▸ **About this exercise**
Return the line that has "Muitos jeans azuis" and all lines below it through the last, exactly as they stand; omit pictures.

▸ **Records from a dataset**
== Segment start ==
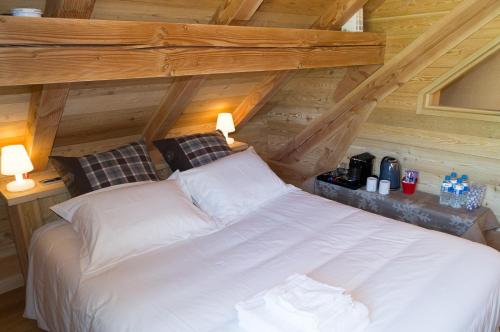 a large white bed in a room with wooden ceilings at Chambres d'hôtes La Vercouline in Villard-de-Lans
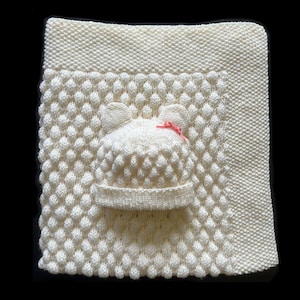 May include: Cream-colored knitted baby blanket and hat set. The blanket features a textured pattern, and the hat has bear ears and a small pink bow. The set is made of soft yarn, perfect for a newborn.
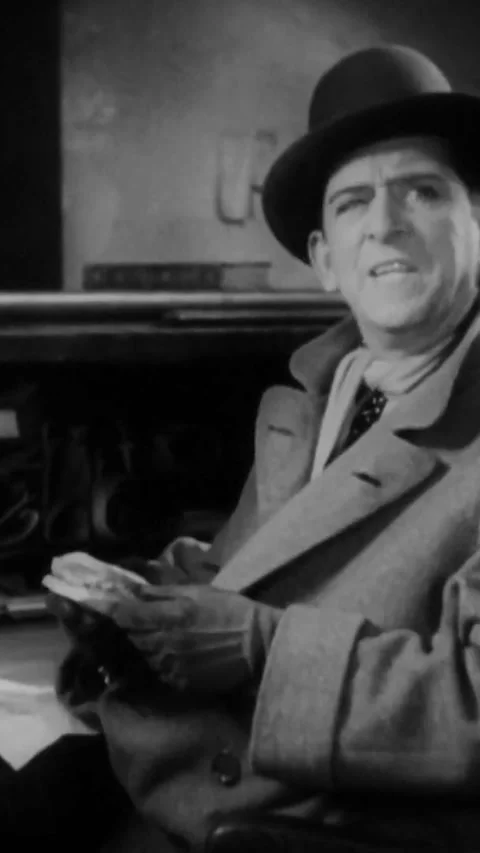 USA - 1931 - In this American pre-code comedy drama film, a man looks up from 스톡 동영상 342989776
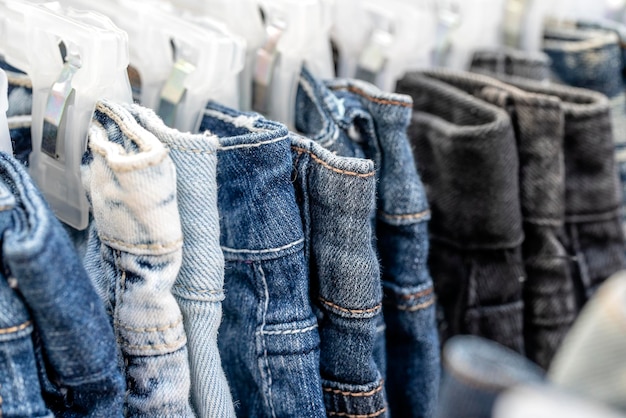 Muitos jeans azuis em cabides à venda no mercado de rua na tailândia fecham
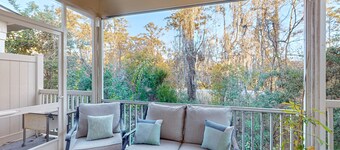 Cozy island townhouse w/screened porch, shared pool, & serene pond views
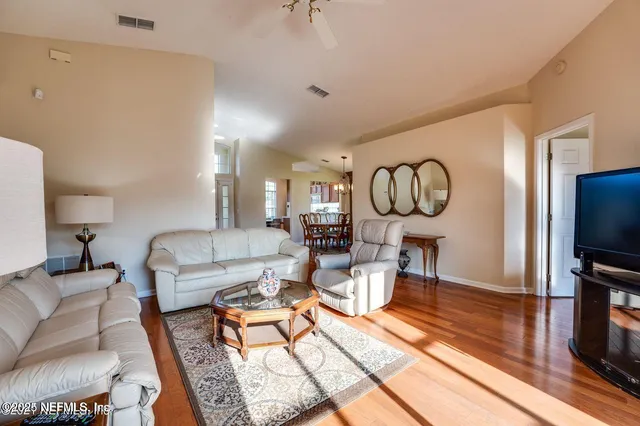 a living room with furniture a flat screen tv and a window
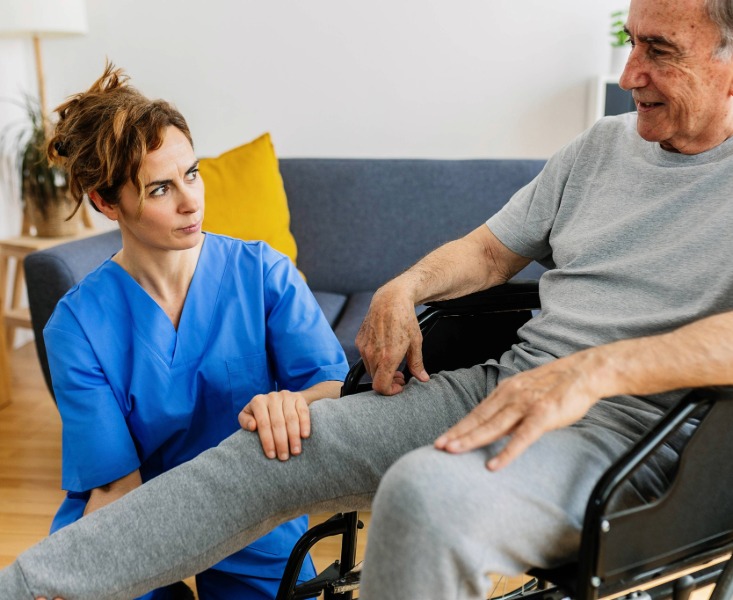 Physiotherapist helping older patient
== Segment end ==
▸ **Response to this task**
 Muitos jeans azuis em cabides à venda no mercado de rua na tailândia fecham
 Cozy island townhouse w/screened porch, shared pool, & serene pond views
 a living room with furniture a flat screen tv and a window
 Physiotherapist helping older patient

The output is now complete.